● What you have to do
Your copy runs from the line containing "Certified 2021 Ford" through the last line of the listing, both included. Restate those lines word for word and leave out pictures.

● Data shown
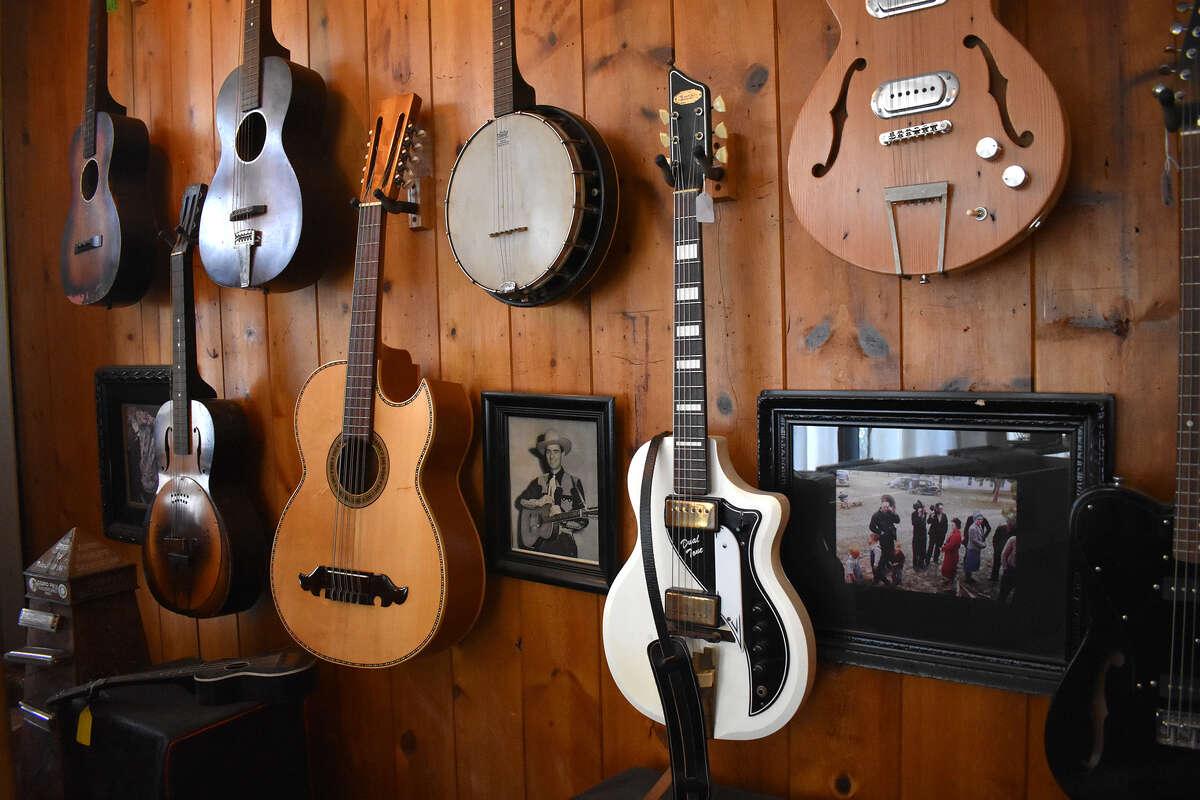 Guitarras e incluso un viejo banjo esperan ser arrancados de la pared de Old Style Guitar Shop en Los Ángeles. 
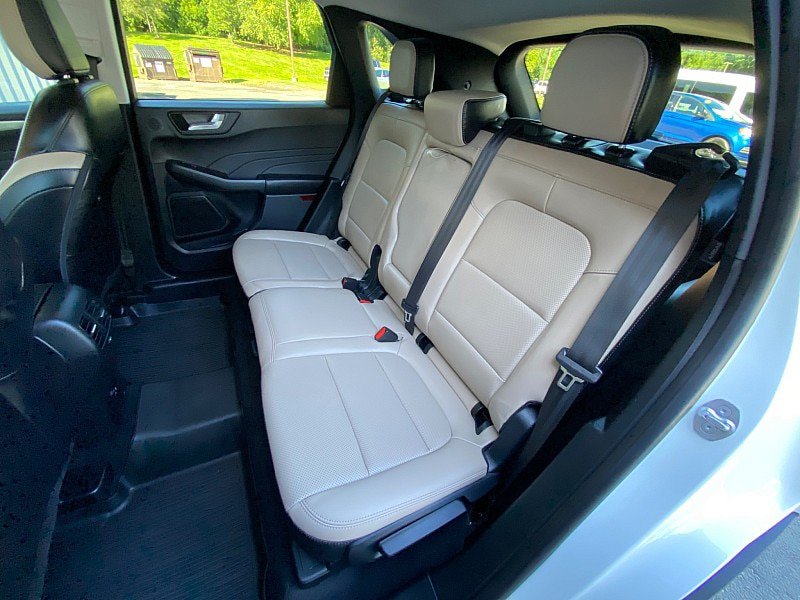 Certified 2021 Ford Escape SEL w/ Technology Package AWD/4WD image 34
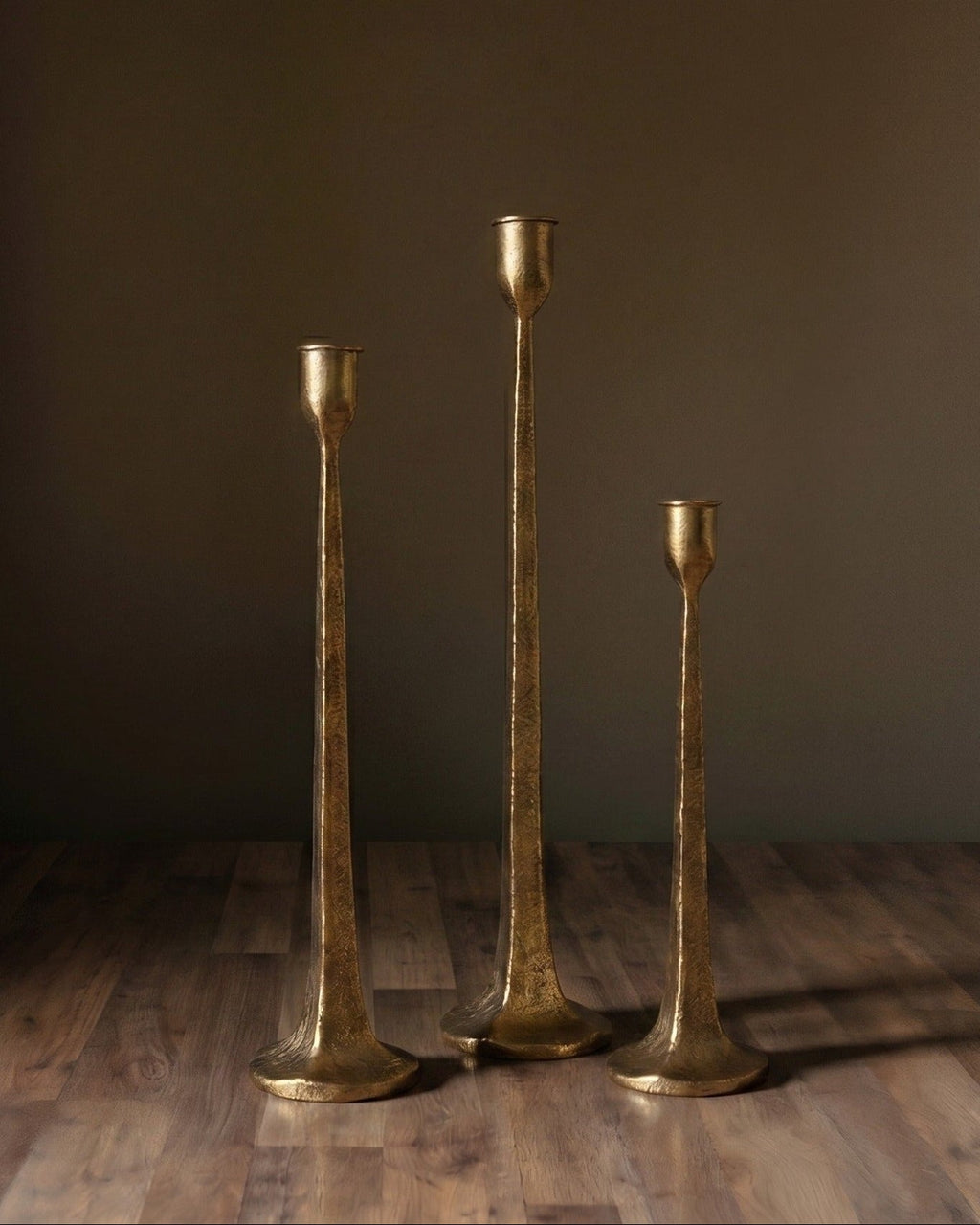 Les piédestaux coniques forgés à la main d'Or Doré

● Reply
 Certified 2021 Ford Escape SEL w/ Technology Package AWD/4WD image 34
 Les piédestaux coniques forgés à la main d'Or Doré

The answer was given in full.